図5は、上記図2から図4のルーチンによるDPF7とNOX吸収剤9との再生時期を示すタイミング図である。
例えば、排気量2400CCのディーゼルエンジンを回転数2000RPM、トルク80NMで運転した場合、FD0=6リットルとするとDPF7の再生操作は60分程度の時間毎に実行される。また、FN0=0.2リットルとすると、NOX吸収剤9の再生操作は2分程度の時間間隔で行われることになる(図5参照)。また、DPF7の再生操作実行時間TD0を3分程度、NOX吸収剤9の再生操作実行時間TN0を0.5秒程度に設定すると、図5に示すようにDPF7の再生操作実行中に必ず1〜2回のNOX吸収剤再生操作が実行されるようになる。このため、NOX吸収剤9は定期的に高温状態で再生されるようになるため、通常のNOXの放出、還元浄化に加えてSO3の放出が行われることになる。このため、SOXの蓄積によりNOX吸収剤の吸収能力が低下することが防止される。
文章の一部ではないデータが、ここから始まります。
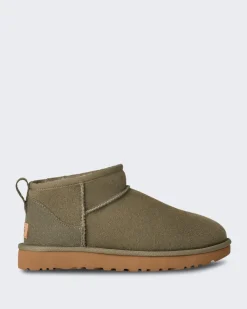 Dames Classic Ultra Mini Moss Green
なお、上記実施形態ではDPF7とNOX吸収剤9との再生のため、通常の燃料噴射に加えて各気筒の排気行程時に燃料噴射を行うようにしているが、エンジン排気通路3の酸化触媒5の上流側に燃料を噴射する燃料噴射弁を設け排気通路に直接燃料を噴射するようにしても良い。
また、上記実施形態では、エンジンへの燃料供給量に基づいてDPF7の煤捕集量とNOX吸収剤9のNOX吸収量とを推定しているが、煤の捕集量やNOX吸収量にかかわらず一定時間毎にそれぞれDPF7とNOX吸収剤9との再生を行うようにして制御を簡略化することも可能である。
次に、本発明の別の実施形態について説明する。上述の実施形態ではDPF7の下流側の排気通路に、リーン空燃比下で排気中のNOXを吸収し、酸素濃度低下時に吸収したNOXを放出、還元浄化するNOX吸収剤9を設けることにより、DPF7下流側の排気中のNOを吸収(捕集)して排気からNOを除去している。これに対して、本実施形態ではNOX吸収剤9の代わりにリーン空燃比雰囲気下で排気中のNOを選択的に還元可能なNOX選択還元触媒を設ける点が相違している。なお、本実施形態の構成については、図1のNOX吸収剤9の代わりにDPF7下流側の排気通路にNOX選択還元触媒を配置する点のみが図1と相違しており、他の構成は図1と全く同じであるため、ここでは図示を省略する。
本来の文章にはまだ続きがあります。